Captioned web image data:
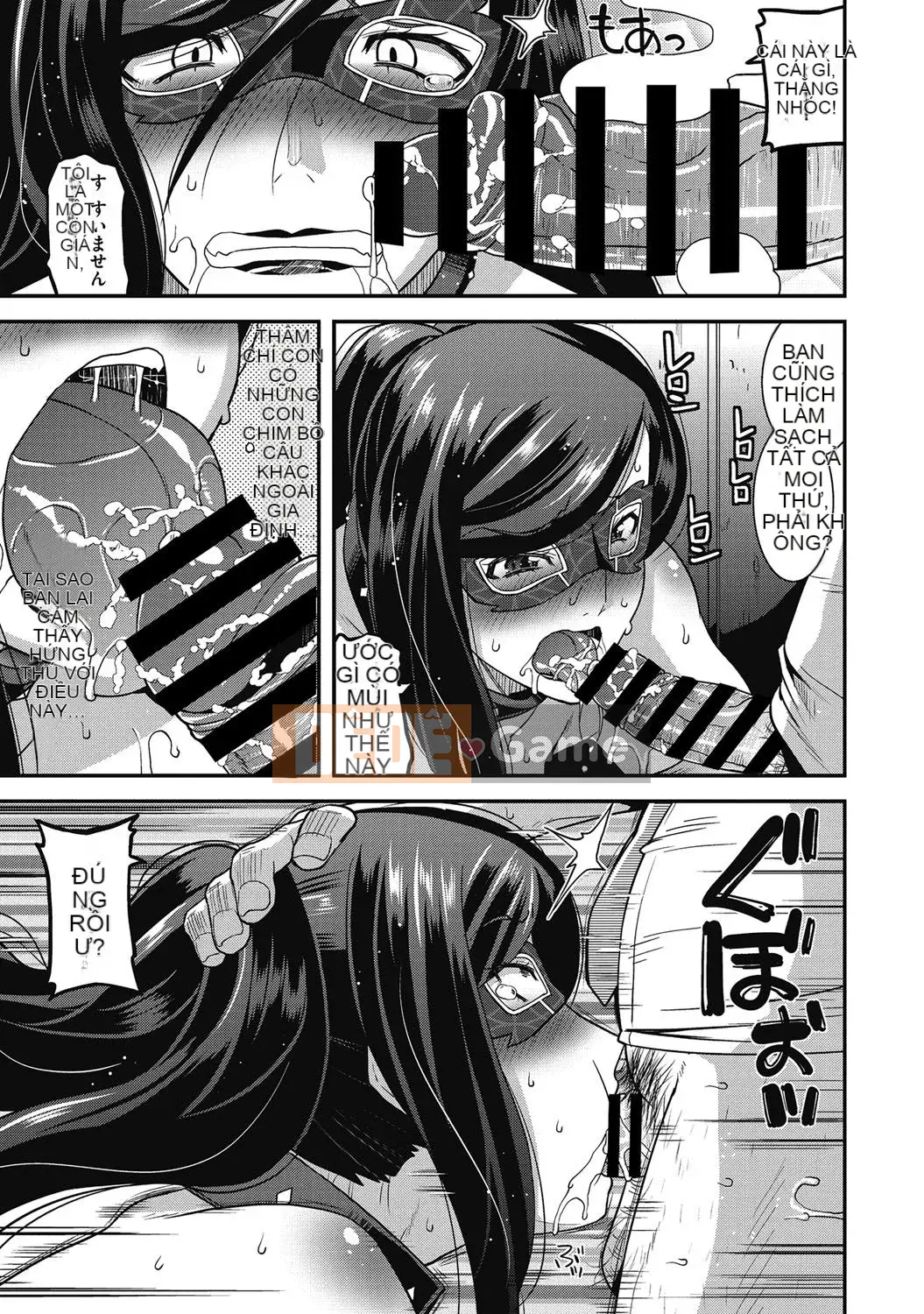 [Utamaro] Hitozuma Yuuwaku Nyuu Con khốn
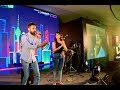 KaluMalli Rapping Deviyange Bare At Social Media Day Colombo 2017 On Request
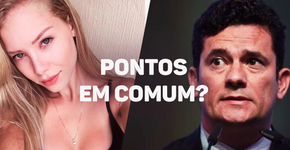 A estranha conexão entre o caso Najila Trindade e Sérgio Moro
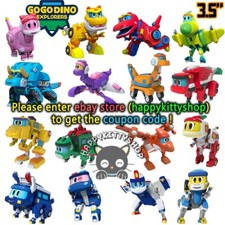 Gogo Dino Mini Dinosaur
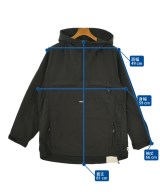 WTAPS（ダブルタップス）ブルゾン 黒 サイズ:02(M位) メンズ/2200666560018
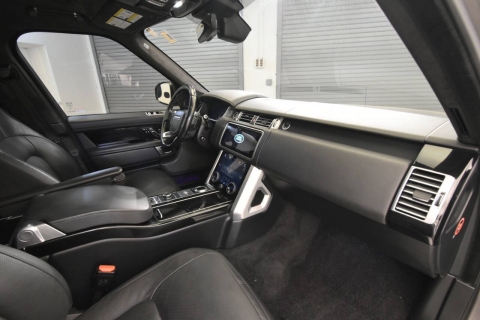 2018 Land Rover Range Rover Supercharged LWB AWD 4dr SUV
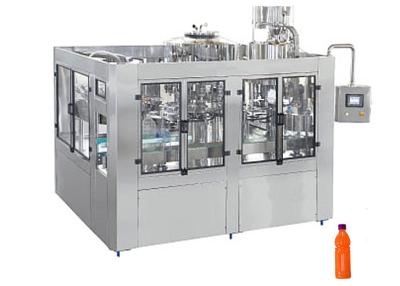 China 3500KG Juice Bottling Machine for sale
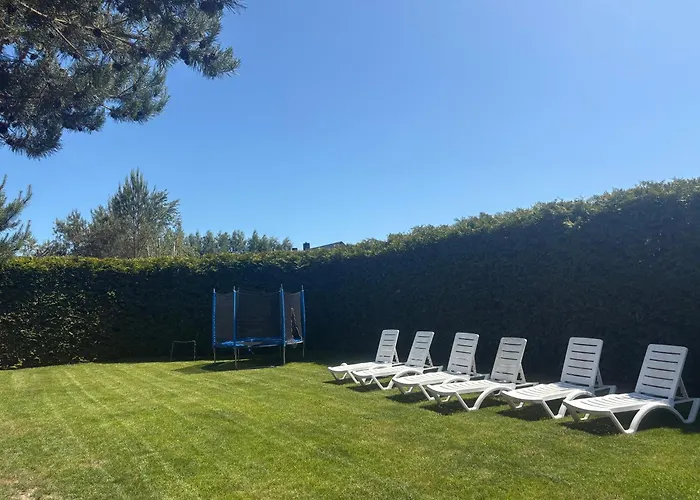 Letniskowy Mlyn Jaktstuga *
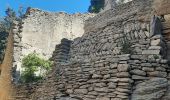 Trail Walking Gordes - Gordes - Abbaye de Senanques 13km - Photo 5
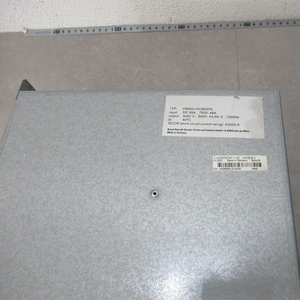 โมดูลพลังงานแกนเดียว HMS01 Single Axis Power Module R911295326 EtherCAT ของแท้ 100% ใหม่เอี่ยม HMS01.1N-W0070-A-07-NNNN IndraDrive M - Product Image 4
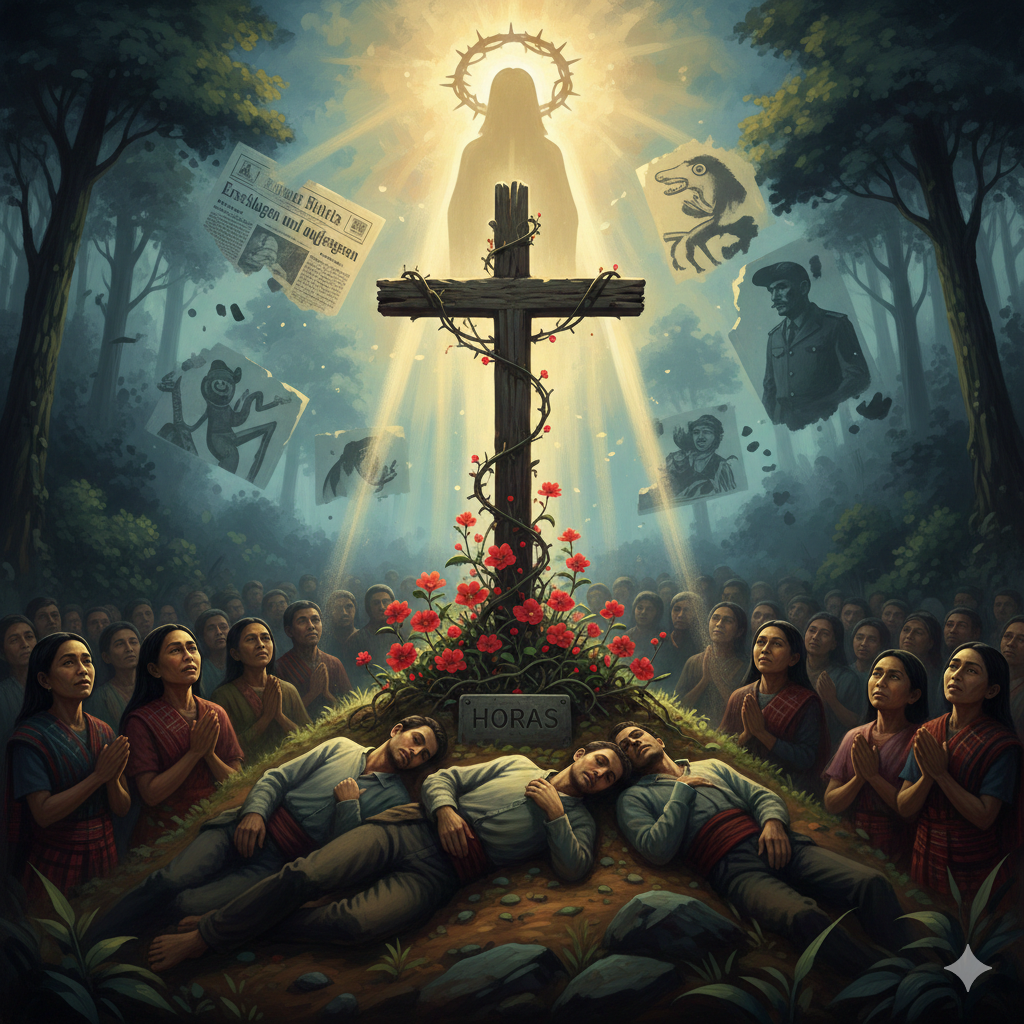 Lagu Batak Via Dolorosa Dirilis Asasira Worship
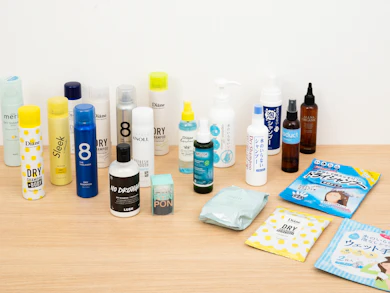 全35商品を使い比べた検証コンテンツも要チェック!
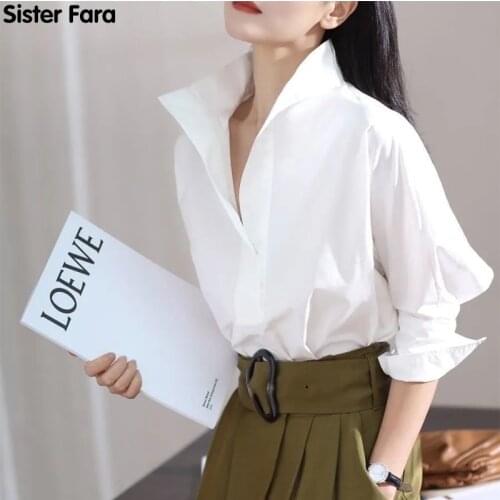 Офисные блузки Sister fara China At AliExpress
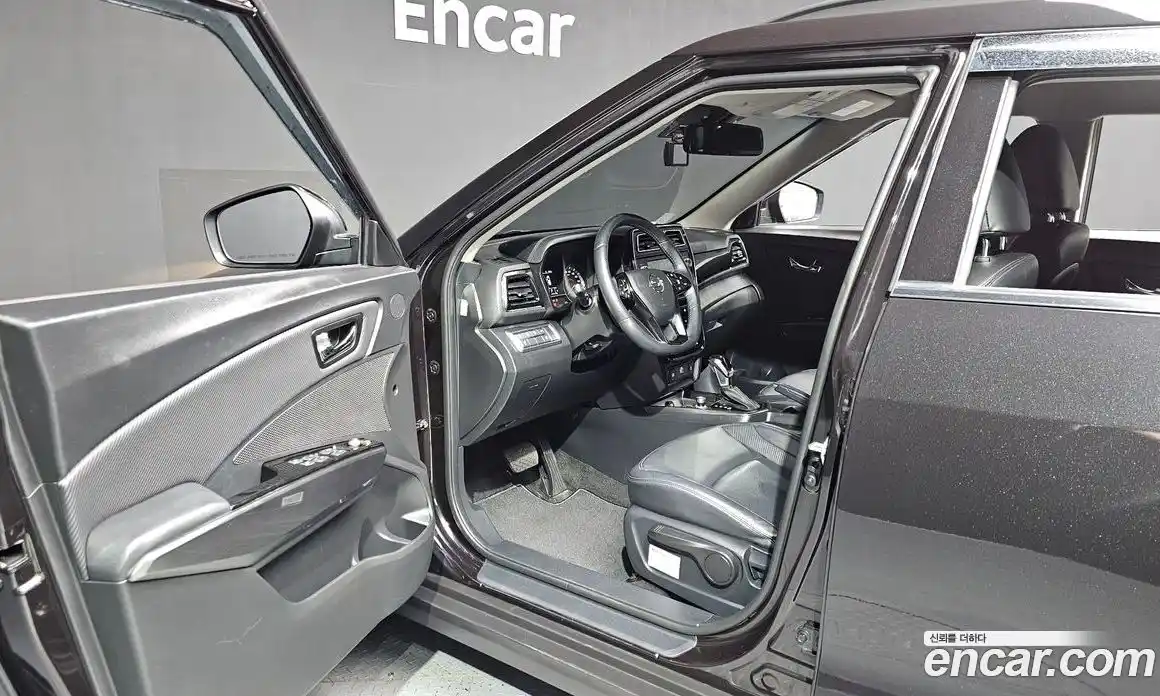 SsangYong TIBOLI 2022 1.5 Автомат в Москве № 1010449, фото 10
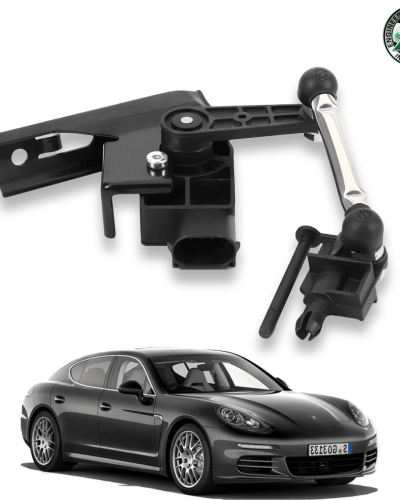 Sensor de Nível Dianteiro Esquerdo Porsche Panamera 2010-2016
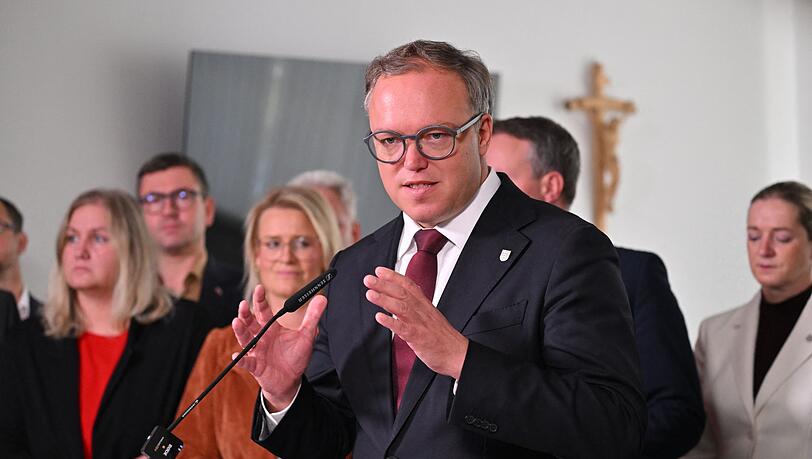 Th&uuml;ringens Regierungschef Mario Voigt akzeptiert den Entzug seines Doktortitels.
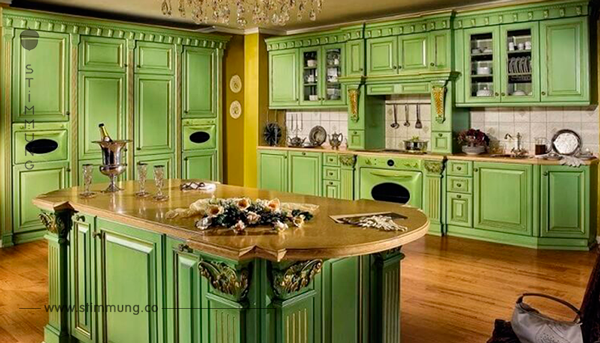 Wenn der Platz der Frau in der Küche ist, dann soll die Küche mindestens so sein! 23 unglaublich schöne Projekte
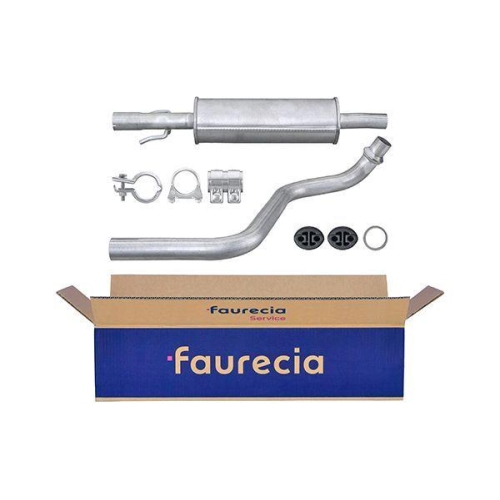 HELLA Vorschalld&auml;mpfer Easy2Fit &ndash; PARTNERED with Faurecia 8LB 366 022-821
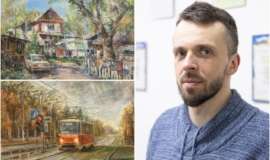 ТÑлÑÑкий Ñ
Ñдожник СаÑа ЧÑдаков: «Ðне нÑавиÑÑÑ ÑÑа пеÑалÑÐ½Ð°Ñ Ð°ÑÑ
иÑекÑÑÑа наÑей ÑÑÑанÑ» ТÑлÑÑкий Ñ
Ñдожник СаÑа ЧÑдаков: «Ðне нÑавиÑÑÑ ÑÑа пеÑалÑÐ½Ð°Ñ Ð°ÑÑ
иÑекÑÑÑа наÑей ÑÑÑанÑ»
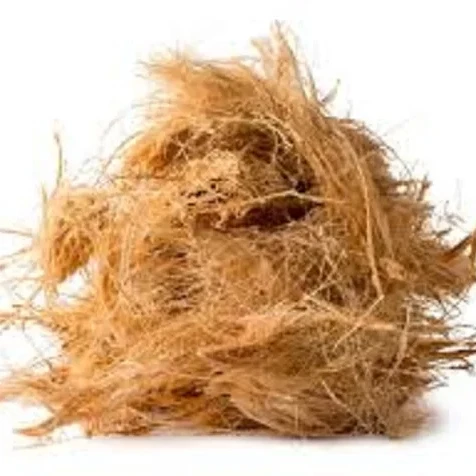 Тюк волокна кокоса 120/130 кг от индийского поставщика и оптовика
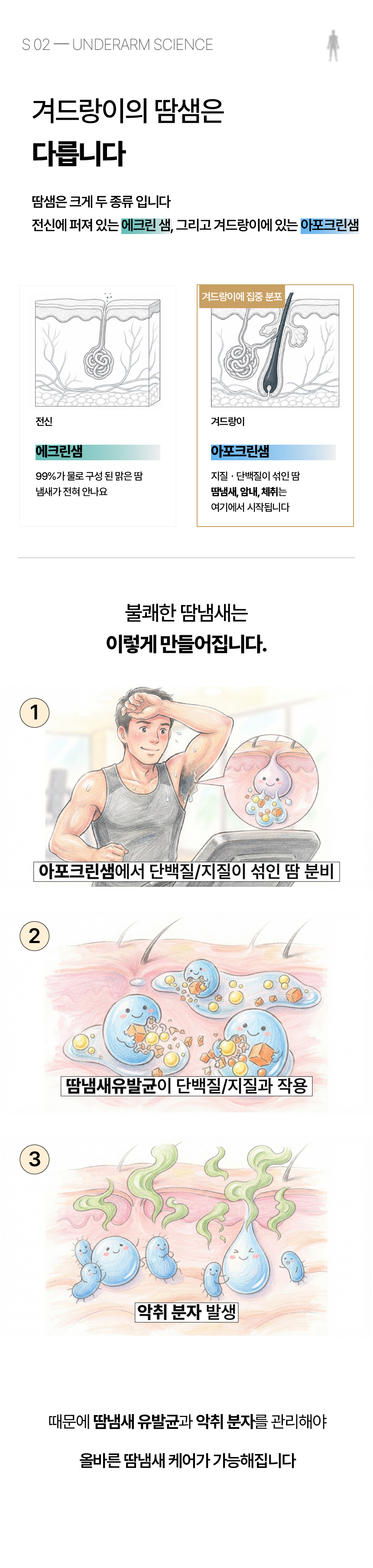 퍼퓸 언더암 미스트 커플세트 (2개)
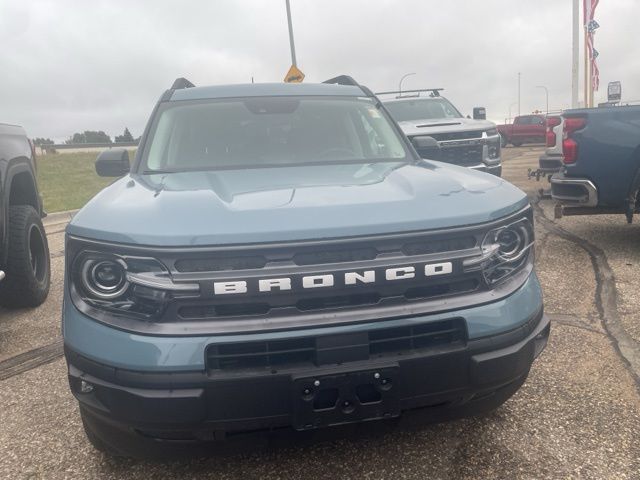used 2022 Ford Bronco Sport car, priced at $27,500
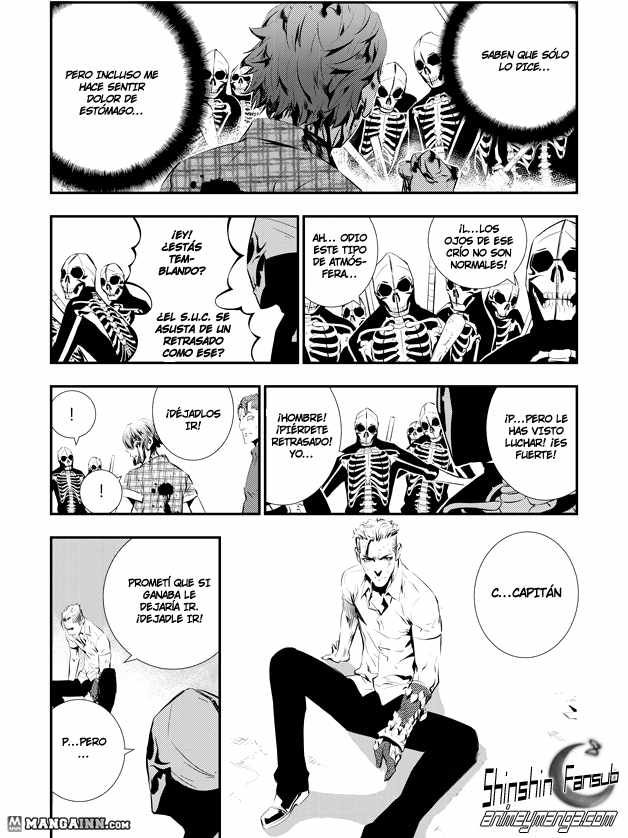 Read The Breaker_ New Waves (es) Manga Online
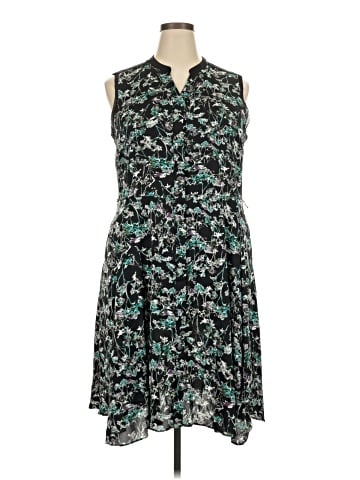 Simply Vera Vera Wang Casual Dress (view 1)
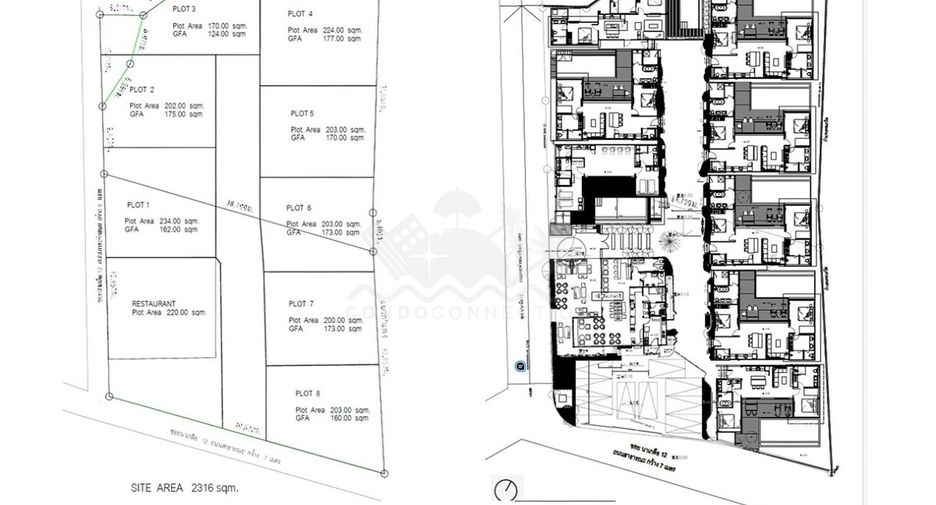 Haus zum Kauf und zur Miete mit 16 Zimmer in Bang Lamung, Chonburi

What the task asks: Each record should be printed again precisely, though not its pictures.

Solution to this problem:
 [Utamaro] Hitozuma Yuuwaku Nyuu Con khốn
 KaluMalli Rapping Deviyange Bare At Social Media Day Colombo 2017 On Request
 A estranha conexão entre o caso Najila Trindade e Sérgio Moro
 Gogo Dino Mini Dinosaur
 WTAPS（ダブルタップス）ブルゾン 黒 サイズ:02(M位) メンズ/2200666560018
 2018 Land Rover Range Rover Supercharged LWB AWD 4dr SUV
 China 3500KG Juice Bottling Machine for sale
 Letniskowy Mlyn Jaktstuga *
 Trail Walking Gordes - Gordes - Abbaye de Senanques 13km - Photo 5
 โมดูลพลังงานแกนเดียว HMS01 Single Axis Power Module R911295326 EtherCAT ของแท้ 100% ใหม่เอี่ยม HMS01.1N-W0070-A-07-NNNN IndraDrive M - Product Image 4
 Lagu Batak Via Dolorosa Dirilis Asasira Worship
 全35商品を使い比べた検証コンテンツも要チェック!
 Офисные блузки Sister fara China At AliExpress
 SsangYong TIBOLI 2022 1.5 Автомат в Москве № 1010449, фото 10
 Sensor de Nível Dianteiro Esquerdo Porsche Panamera 2010-2016
 Th&uuml;ringens Regierungschef Mario Voigt akzeptiert den Entzug seines Doktortitels.
 Wenn der Platz der Frau in der Küche ist, dann soll die Küche mindestens so sein! 23 unglaublich schöne Projekte
 HELLA Vorschalld&auml;mpfer Easy2Fit &ndash; PARTNERED with Faurecia 8LB 366 022-821
 ТÑлÑÑкий Ñ
Ñдожник СаÑа ЧÑдаков: «Ðне нÑавиÑÑÑ ÑÑа пеÑалÑÐ½Ð°Ñ Ð°ÑÑ
иÑекÑÑÑа наÑей ÑÑÑанÑ» ТÑлÑÑкий Ñ
Ñдожник СаÑа ЧÑдаков: «Ðне нÑавиÑÑÑ ÑÑа пеÑалÑÐ½Ð°Ñ Ð°ÑÑ
иÑекÑÑÑа наÑей ÑÑÑанÑ»
 Тюк волокна кокоса 120/130 кг от индийского поставщика и оптовика
 퍼퓸 언더암 미스트 커플세트 (2개)
used 2022 Ford Bronco Sport car, priced at $27,500
 Read The Breaker_ New Waves (es) Manga Online
 Simply Vera Vera Wang Casual Dress (view 1)
 Haus zum Kauf und zur Miete mit 16 Zimmer in Bang Lamung, Chonburi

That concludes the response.